Problem: "we never finished our caching for project index build signal it's not pulling new information." Need to find what build_signal refers to. Likely a scrum/auditor signal that should rebuild the lakehouse_arch_v1 corpus on commit but isn't wired to.

Fix: identify the build-signal pipeline (likely in auditor/ or crates/vectord/), wire its emit to a corpus rebuild, verify by making a test commit and watching the new chunk appear in /vectors/indexes for lakehouse_arch_v1.

Done when: committing a new file to crates/ causes lakehouse_arch_v1 chunk_count to increase within N minutes.

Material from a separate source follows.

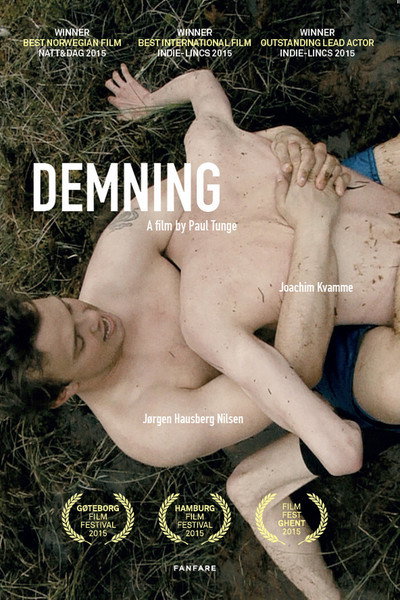 Póster de Dam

P0 — Anchor the demo state (DONE)

Tagged ed57eda as demo-2026-04-27. Future sessions: git checkout demo-2026-04-27 to land in this exact code state.


EXECUTION ORDER

  1. P1 first — biggest visible bug, ~30-60 min
  2. P2 next — contractor click is the second-biggest "doesn't work" the client sees, ~20 min if profile is mostly done
  3. P3 — small fix, big "looks alive" win
  4. P4 — biggest scope; might split across sessions
  5. P5 — feature work, only after the visible bugs are fixed

Each item commits independently with the format demo: P<n> — <one-line> so the commit log doubles as a progress journal. After each merge to main, re-tag demo-latest to point at the new HEAD.

Stop here and let J pick which item to start with. Do not silently extend scope.